The Merge has clearly caused an issuance shock, popularly called the triple halving, as it's roughly equivalent to three Bitcoin halvings.
Since the Merge, total issuance dropped from roughly 15,000 ETH/day to about 1,500 ETH/day.
One reason for this phenomenon is there are no longer ETH miners receiving rewards. And as a sidenote, that also means there won’t be miners selling coins to pay for electricity bills, as they will no longer be consuming copious amounts of energy. This removes a source of constant selling pressure.
Plus, there’s fee burn — a scarcity engine fueled by transactional utility.

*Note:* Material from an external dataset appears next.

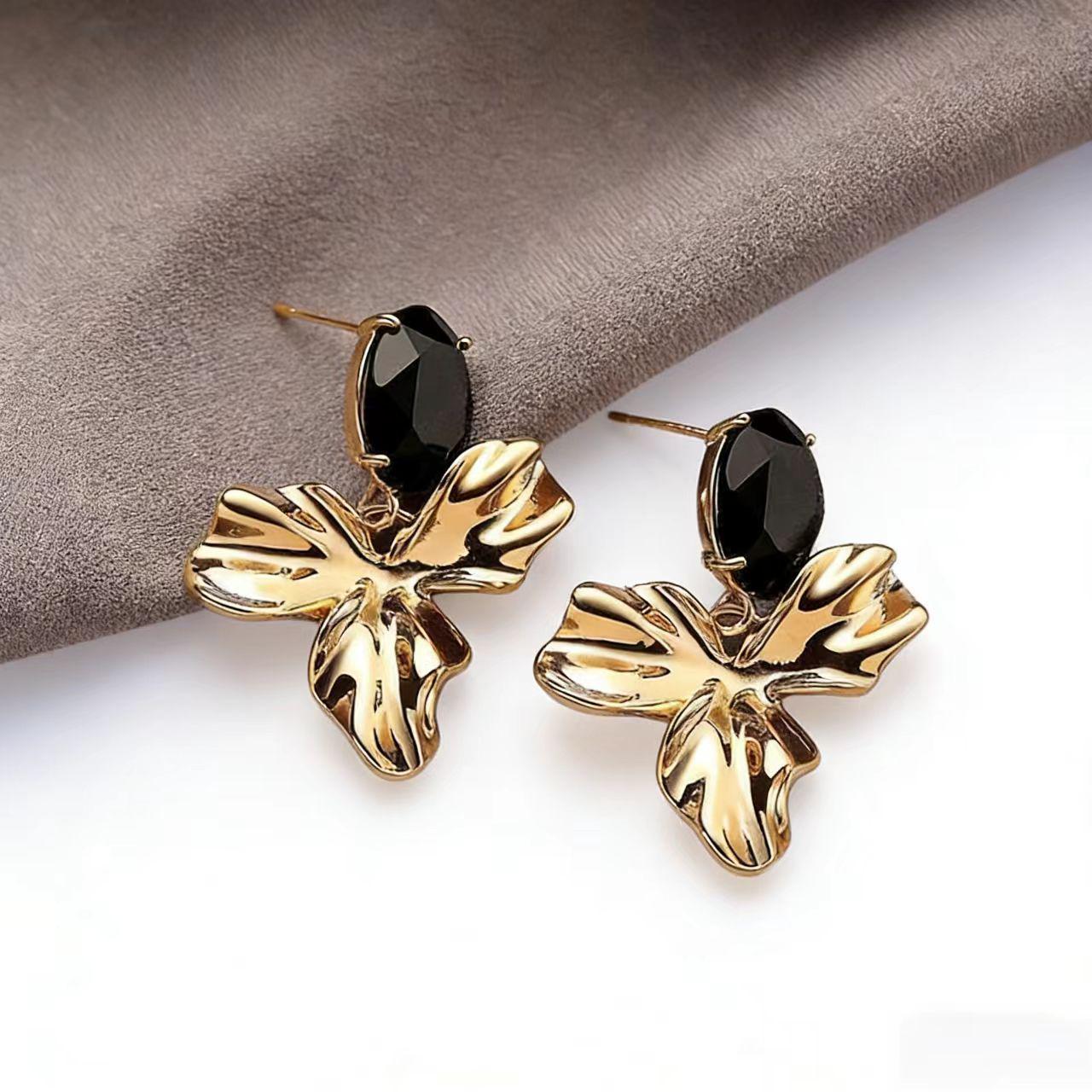 Hong Kong Style Rhinestone Flower Stud Earrings - Luxurious & Trendy Women s Accessory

This mechanism removes a part of transactional fees from circulation.
Thanks to EIP-1559 — the London hard fork, which went into effect last year — 80% – 85% of Ethereum transaction fees now get burned.
Now, on some days when the Ethereum network is seeing heavy use, it permanently takes out of circulation more ETH than gets issued.
Going forward, this could become a permanent state of deflation — with total ETH supply going down rather than up.
The consensus is that Ethereum will deflate anywhere between 0.50% – 4.50% per year going forward. If this proves correct, Ethereum could soon overtake Bitcoin as the world’s most deflationary major cryptocurrency.
That would be amazingly bullish for prices going forward.
Flippening Catalyst No. 2: The Ethereum network has become more efficient.
Ethereum’s smart-contract blockchain is providing the basic infrastructure for future generations of decentralized applications. Plus, it’s forming the global backbone for web3, the next-generation internet.
But to stay in that position, Ethereum’s network will have to continue to remain fast and competitive.
Which is why it’s critical to note that in the wake of the Merge, the cost of a single ETH transaction went down to 40 cents — which is about an eighth of what it was pre-Merge.
We expect this is just the beginning as future upgrades roll out.
For example, the upcoming Shanghai upgrade could slash transactional gas charges further.
One proposed change under that upgrade — called EIP-4488 — promotes usage of Ethereum's rollups, which are Layer-2 scalable networks that make transactions vastly cheaper.
Indeed, fees are expected to be 1% or even less than corresponding transactions on Ethereum's base layer.
This is important because there are all types of use cases — including dApps and games — that require near-zero gas charges to be viable.
With the Merge behind us, these additional improvements will get renewed attention.
And it’s precisely this kind of intense, ongoing development that should ensure Ethereum-based economies continue to grow.
Flippening Catalyst No. 3: A whole new wave of environmental, social and governance investors could start piling into ETH.
Perhaps the most widely known impact of the Merge was that it reduced Ethereum’s electricity consumption by 99.95%.
And while that may be the least important development for the network’s utility, it could end up being the main reason big institutional investors take a new look at parking money into ETH.
The reason why is simple: ETH will now be viewed as a great way to further diversify ESG portfolios.
No matter what you think of the concept personally, ESG investing has been gaining a lot of momentum on Wall Street.
A recent Bloomberg report says ESG portfolios already account for $1 out of every $3 being managed globally. In addition, the total amount of ESG assets is expected to grow to $41 trillion by the end of this year.
If even a small amount of that institutional money starts trickling into ETH, it could multiply demand at a time when supply is already stagnating or even shrinking.
The bottom line?
There has never been a more bullish backdrop for ETH on a technical level.
What to do with that information is now in your hands.